Wyoming privacy expectations are most relevant when districts:

• Use online learning platforms, assessment tools, or classroom apps that collect student information
• Share roster data or provide vendor access to education records or student identifiers
• Deploy tools for students under 13 where COPPA considerations are common

Core Compliance Themes (Practical District Lens)

District implementation commonly centers on three themes:

• Purpose limitation: student data should be used only to provide the educational service the district approved
• Disclosure control: share only what is necessary and ensure recipients are bound to confidentiality and security obligations
• Security and lifecycle: confirm reasonable safeguards, breach response commitments, and deletion/retention practices

Vendor Review and Documentation

Districts typically operationalize privacy compliance by standardizing vendor review questions and keeping records of approvals so decisions can be revisited when products change.

Common review questions include:

• What student data is collected (identifiers, student work, communications, analytics)?
• Is the vendor prohibited from selling data or using it for advertising or non-school profiling?
• What are the vendor's security controls and breach notification commitments?
• What are retention and deletion options if the district stops using the tool?

How Can EdPrivacy Help Wyoming Schools

Wyoming districts need a system that makes vendor oversight simple and consistent across many tools, even when the controlling requirements come from federal law and district policy.
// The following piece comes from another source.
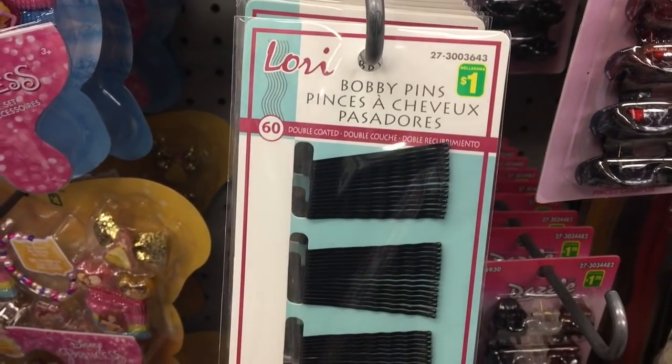Along the same lines, I also like to pick up bobby pins from the dollar store. This is a new pack I picked up today, and I have the same pack on my vanity. You get 60 double-coated bobby pins for a dollar. I use these often — I like to throw my hair in a messy bun and pin the ends. I've just stopped paying a lot of money for these. A buck for 60, and I'm not so crazy about keeping track of them all because they're a lot more affordable.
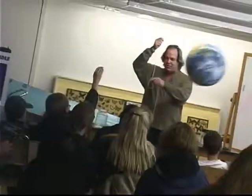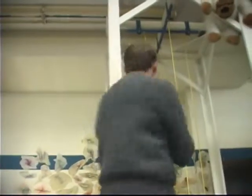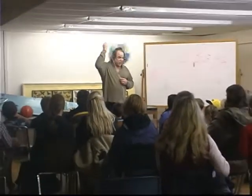Hi. Welcome to the Headwater Science Center. We're a grassroots, non-profit, informal science education institution. The whole idea here is to make science and technology accessible to everybody, regardless of age or background.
EdPrivacy helps districts centralize inventories, documentation, and approval decisions so privacy governance is easier to run at scale.

The platform helps districts:

• Maintain a district-wide inventory of apps and services and identify which ones touch education records
• Store vendor privacy policies, security documentation, and contract artifacts in one place
• Document approval decisions and any conditions (data minimization, purpose-only use, deletion expectations)
• Track policy changes and trigger periodic re-review so approvals stay current

Summary

Wyoming districts should be prepared to:

• Align vendor use of student data to FERPA expectations and district authorization
• Apply COPPA-informed practices for tools used with students under 13
• Use repeatable vendor review, documentation, and monitoring workflows
• Verify security controls and data lifecycle practices for vendor-hosted tools

A governance-first approach helps Wyoming districts maintain consistent privacy protections across a changing edtech landscape.